La pitina è un salume, ma non è un insaccato: la difficoltà di reperire budella adatte nelle zone di montagna ha forzato l'inventiva umana ad altre forme di conservazione: in questo caso una leggera affumicatura e il passaggio nella farina di mais. Dunque una vera e propria polpetta di ritagli di carne, che si consumava dopo breve stagionatura.
La pitina infatti è composta da un pesto di carne ovina e caprina, ingentilita da lardo di maiale soprattutto nella versione contemporanea, e abbondante uso di aglio, pepe ed erbe. In origine era utilizzata anche carne di selvaggina, soprattutto camosci e caprioli, in parte presenti anche nell'esemplare assaggiato. Il pesto viene poi composto in polpette semisferiche, ben impolverato di farina di mais e affumicato con varie essenze montane, anche se il canone vorrebbe l'uso di solo pino mugo.
Si presenta come una pallotta della dimensione di un muliebre pugno, e da "piena" può facilmente essere scambiata per un sasso. Ha trama fitta e pastosa, piuttosto morbida, di un rosso carminio fitto e profondo. Al taglio presenta lardelli di media grana non stracciati.

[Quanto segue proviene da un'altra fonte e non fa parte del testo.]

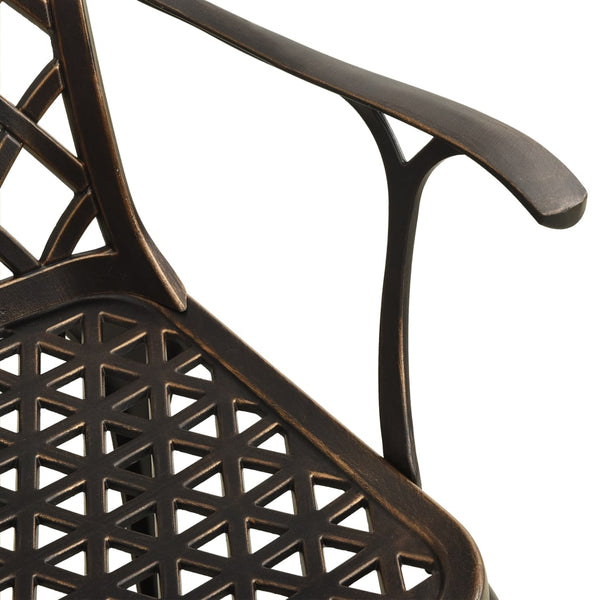 vidaXL Chaises de jardin 6 pcs Fonte d'aluminium Bronze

Il profumo è denso, scuro di fumo e di odori d'ombra. Le carnosità sono obliterate dalle spezie, anche se traspaiono aromi più nervosi, silvestri.
L'assaggio è comunque fresco, pur se asciugato dalla farina di mais cruda, e prorompe subito delle piccanze da pepe. La fibrosità delle carni impegna il palato che s'arrende poi alla dolcezza delle parti di mezzo, in cui non si risparmiano le scudisciate dell'aglio.
Gusto robusto, dalla persistenza soda e testarda. Un assaggio assai poco salottiero, ma di certa e rustica soddisfazione.
La pitina assaggiata è stagionata circa 45 giorni, ma si può consumare anche dopo 10 giorni dall'affumicatura ma cotta, servita con polenta.
La Pitina della Valtramontina è un presidio Slow Food.